╔══

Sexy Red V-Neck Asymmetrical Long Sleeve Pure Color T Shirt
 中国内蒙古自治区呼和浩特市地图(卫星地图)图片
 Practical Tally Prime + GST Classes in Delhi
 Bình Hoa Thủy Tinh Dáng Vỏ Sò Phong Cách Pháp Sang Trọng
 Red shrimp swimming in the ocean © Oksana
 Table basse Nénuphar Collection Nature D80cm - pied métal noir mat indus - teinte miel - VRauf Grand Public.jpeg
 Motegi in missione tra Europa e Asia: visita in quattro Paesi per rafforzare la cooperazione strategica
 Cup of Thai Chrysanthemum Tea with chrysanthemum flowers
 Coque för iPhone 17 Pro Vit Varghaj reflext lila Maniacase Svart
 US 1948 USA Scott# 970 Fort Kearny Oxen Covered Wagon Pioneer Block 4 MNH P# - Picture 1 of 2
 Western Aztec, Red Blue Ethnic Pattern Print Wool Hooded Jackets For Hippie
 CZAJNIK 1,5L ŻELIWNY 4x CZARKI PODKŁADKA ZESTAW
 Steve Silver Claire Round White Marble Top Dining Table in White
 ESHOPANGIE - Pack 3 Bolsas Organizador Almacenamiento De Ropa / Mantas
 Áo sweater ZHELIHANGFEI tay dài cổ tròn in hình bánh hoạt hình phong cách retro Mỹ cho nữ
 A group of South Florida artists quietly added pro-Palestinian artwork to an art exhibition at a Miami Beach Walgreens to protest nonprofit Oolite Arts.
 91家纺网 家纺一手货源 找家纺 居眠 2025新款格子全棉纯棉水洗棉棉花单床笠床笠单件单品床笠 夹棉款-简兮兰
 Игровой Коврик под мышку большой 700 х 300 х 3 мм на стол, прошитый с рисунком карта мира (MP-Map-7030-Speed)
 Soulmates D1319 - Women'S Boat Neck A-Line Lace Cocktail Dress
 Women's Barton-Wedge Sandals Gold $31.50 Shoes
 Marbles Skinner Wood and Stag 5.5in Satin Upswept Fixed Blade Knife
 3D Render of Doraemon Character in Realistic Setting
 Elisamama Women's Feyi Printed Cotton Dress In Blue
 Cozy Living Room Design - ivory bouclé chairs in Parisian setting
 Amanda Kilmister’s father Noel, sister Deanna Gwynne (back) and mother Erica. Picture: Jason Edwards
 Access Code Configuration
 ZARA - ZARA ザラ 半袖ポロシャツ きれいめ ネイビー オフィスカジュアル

╚══

* [Work instruction]: From the entries above, restate word for word the lines from the line containing "Western Aztec, Red" to the line containing "Marbles Skinner Wood", both ends included, and nothing more.

* [Result of this exercise]:
 Western Aztec, Red Blue Ethnic Pattern Print Wool Hooded Jackets For Hippie
 CZAJNIK 1,5L ŻELIWNY 4x CZARKI PODKŁADKA ZESTAW
 Steve Silver Claire Round White Marble Top Dining Table in White
 ESHOPANGIE - Pack 3 Bolsas Organizador Almacenamiento De Ropa / Mantas
 Áo sweater ZHELIHANGFEI tay dài cổ tròn in hình bánh hoạt hình phong cách retro Mỹ cho nữ
 A group of South Florida artists quietly added pro-Palestinian artwork to an art exhibition at a Miami Beach Walgreens to protest nonprofit Oolite Arts.
 91家纺网 家纺一手货源 找家纺 居眠 2025新款格子全棉纯棉水洗棉棉花单床笠床笠单件单品床笠 夹棉款-简兮兰
 Игровой Коврик под мышку большой 700 х 300 х 3 мм на стол, прошитый с рисунком карта мира (MP-Map-7030-Speed)
 Soulmates D1319 - Women'S Boat Neck A-Line Lace Cocktail Dress
 Women's Barton-Wedge Sandals Gold $31.50 Shoes
 Marbles Skinner Wood and Stag 5.5in Satin Upswept Fixed Blade Knife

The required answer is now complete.